Por Luis Mieres
Carlos estaba más que molesto, ¡estaba furioso! Cuando entró en la estación Chacaíto y bajó por las escaleras mecánicas hacia el subterráneo, le rechinaban los dientes a causa de la rabia, y poco faltó para que, en su mal genio, se llevara por delante a un hombre mayor que nada tenía que ver con su recorrido.
–Disculpe –murmuró el joven, sin siquiera mirar la cara indignada del viejo y apretando el paso atravesó el amplio pasillo de tiendas que daba hacia los torniquetes.

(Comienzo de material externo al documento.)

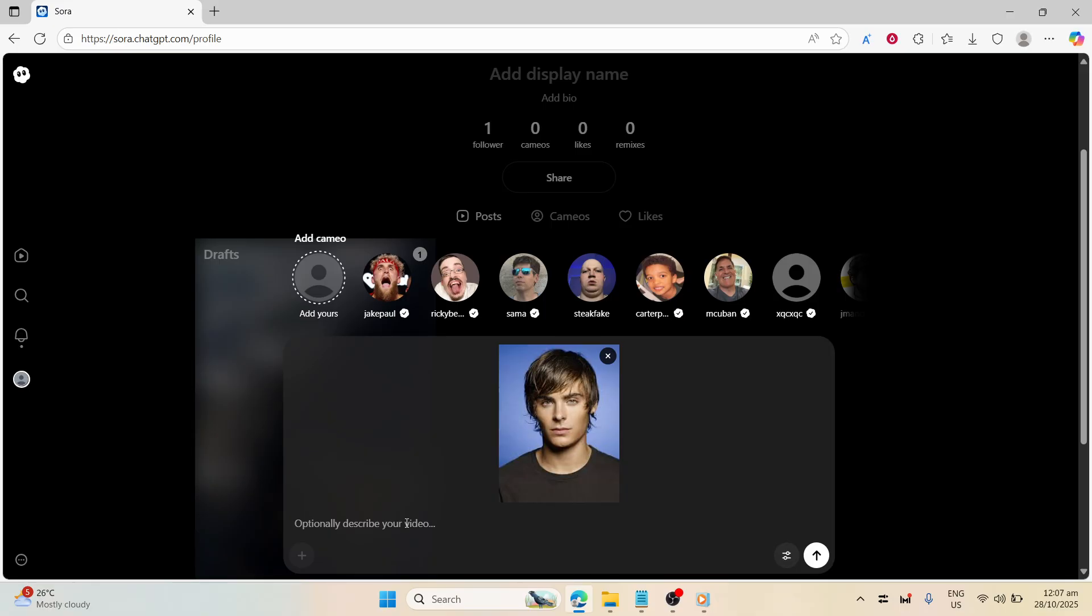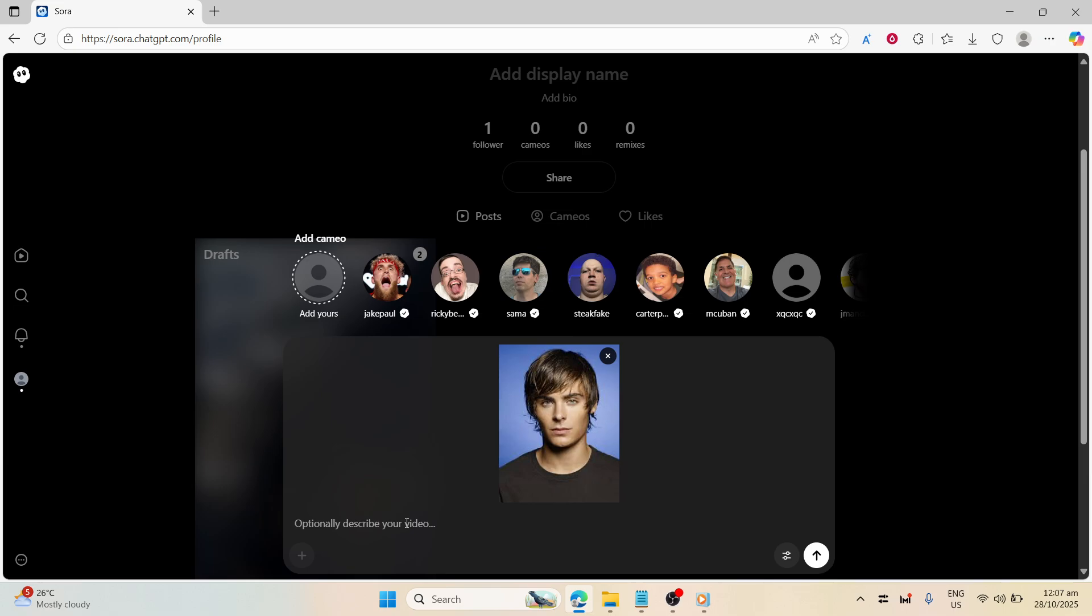Once you have your photo ready, it's time to move on to the next part of the process, which is crafting your prompt. Your prompt should describe the scene you envision and explicitly mention that your uploaded face is to be used as the reference. A well-thought-out prompt is key to achieving the desired outcome. For instance, you might say something like, a man with the uploaded face jogging on a beach at sunrise cinematic lighting 4K. This description helps guide the software to integrate your face seamlessly into the scene you have in mind.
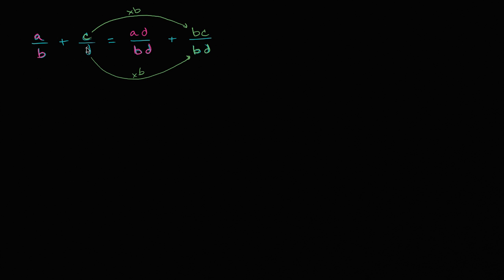This is C over D. So what I have here in magenta, this fraction is equivalent to this fraction. I just multiplied it by D over D, which we can assume is one, if we assume that D is not equal to zero. And then if we just multiply C over D times one, which is the same thing as B over B, if we assume B is not equal to zero, then this fraction and this fraction are equivalent.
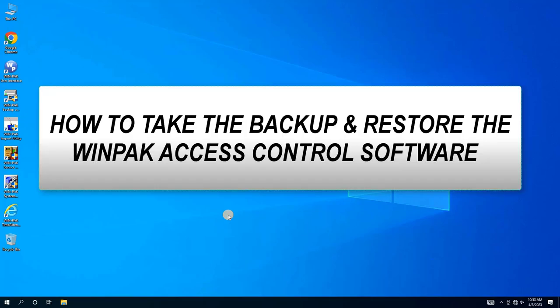Hello, and welcome to this tutorial on how to take the backup and restore it in a new machine without losing any data for Honeywell's WinPak Access Control Software.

<<Tú estabas encargado>>, las palabras reverberaron en su mente, repitiéndose como un eco una y otra vez. Carlos pasó el torniquete, buscó la señalización que decía “Propatria” y tomó esa dirección para bajar hacia el andén. A las 7:00 de la noche la estación no estaba tan concurrida, por lo que el joven cocinero la encontró casi vacía. <<Tú estabas encargado>>
Le habían dolido las palabras de su jefe y aún recordaba el momento en la oficina cuando sucedió todo. Había tratado de defenderse, de explicarle al chef ejecutivo que él nada había tenido que ver con el mal servicio de aquel día, que no había sido su culpa que los pelmazos y vagos que tenía por compañeros de cocina no hubieran hecho nada; pero al final no le había salido ninguna palabra. Se tragó su orgullo con amargura y, sin decir nada, salió de la oficina como perro regañado.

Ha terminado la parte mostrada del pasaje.